After trading in the tight range of 104-105 per dollar since December 2015, the Rupee plunged to as low as 110 per dollar to settle around 108.40-50 per dollar. Economists and businesses have been urging the government to devalue the rupee, saying it was hurting exports and contributing to the depletion of Pakistan’s foreign currency reserves. A weaker rupee would help the economy grow and ease balance of payments pressures. The recent devaluation will help exportable products become competitive in the international market. The government had no choice as the trade deficit has crossed all limits. While on one hand, devaluation reduces our purchasing power parity, on the other hand, it will increase inflation and swell our debt per capita.

Despite SBP’s claim of market based adjustment of exchange rate, the timing of devaluation is of crucial importance as it coincides with post program analysis meeting with International Monetary Fund) IMF and launch of US$2.5 billion Eurobond/Sukuk bond in the international market. The currency adjustment would help shift foreign currency holdings from commercial banks currently standing at a higher level of around $6 billion back to official reserves and help divert remittances to official channels with declining gap among the official, banking and open market rates.

The ongoing depreciation is seen as a healthy move for the economy as it will make the imports expensive and may help manage the bill while giving a boost to exports. However, it takes more than just devaluing the rupee to restrict imports and increase exports. The recent rate change will have minimal impact either on imports or on exports because the rate is still substantially overvalued to the extent of about 15 percent. A partial rate correction will increase the rupee cost of foreign debt payment, but the government will still enjoy an implicit subsidy in its expenditure on foreign debt payment due to the remaining overvaluation.


The official intervention of monetary authorities in the foreign exchange market to influence the exchange rate fluctuation is a worldwide phenomenon. The monetary authorities intervene with the objective of maintaining orderly market conditions, which ultimately help to achieve the overall macroeconomic goals. Heavy intervention was witnessed in the beginning of 1973 by developed economies to smoothly shift from the Bretton Woods fixed exchange rate system to free float. However, Pakistan, like many of the other developing economies, continued with the fixed exchange rate regime until 1982 when it shifted to managed float. In July 2000, Pakistan shifted to free float which in turn led the PKR/US dollar parity to depict a great deal of volatility. The management of foreign exchange market was indeed not an easy task; especially, when the foreign exchange market was thin and dominated by a relatively small number of agents. The central bank is the biggest player in the thinly traded local foreign exchange market and controls what is widely considered a managed float system.

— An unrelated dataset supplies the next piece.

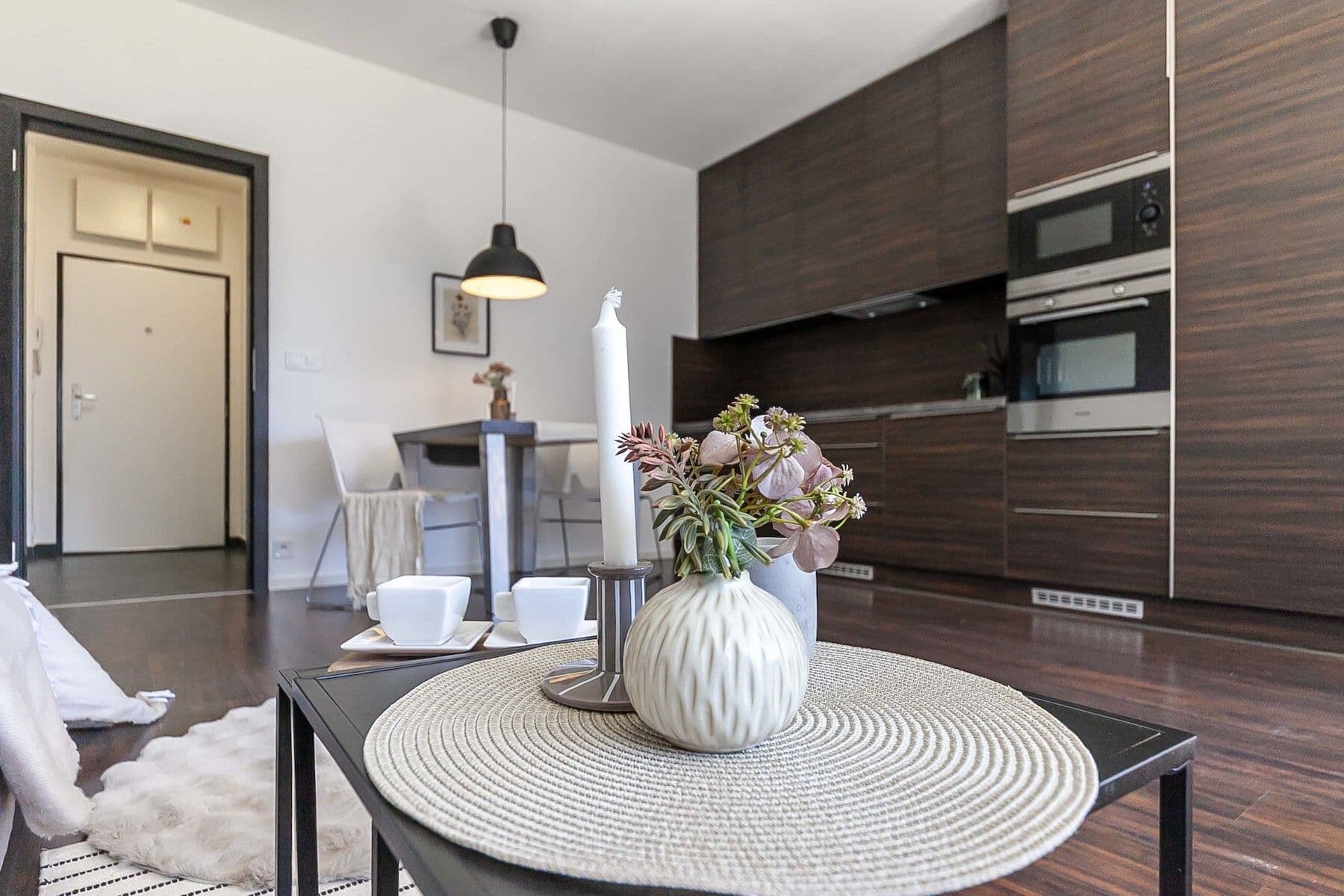 Studio flat for sale, 32 m², Granitova, Prague, Prague Studio flat for sale, 32 m², Granitova, Prague, Prague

The State Bank of Pakistan (SBP) started intervening in the foreign exchange market to moderate the exchange rate fluctuations by both managing the mismatch between US dollar demand and supply and by suppressing the speculative moves of a few agents.

Since the free float of the Pak rupee, monetary policy has played a dominant role in stabilizing the exchange rate in Pakistan. Significant ups and down in forex rates are now being monitored through effective instruments of monetary policy. Similarly, whenever speculative activities are observed in the market, they are tackled with proactive monetary policy measures of the State Bank. The Bank uses the instrument of the discount rate to control undue pressure on the exchange rate while Cash Reserve Requirements (CRR) or mopping up of excessive liquidity through purchases from the kerb market, to curb speculative activities in the forex market.

In order to achieve sustainable macroeconomic equilibrium, monetary and fiscal policies must be consistent with the chosen nominal exchange rate regime. Further, the misalignments in the real exchange rate can be used as a guideline for policy interventions by the SBP. Policy measures should be identified and if needed, should be introduced immediately to correct any actual or even potential misalignments of the exchange rate. The exchange rate should be flexible to maintain a competitive position in the world market.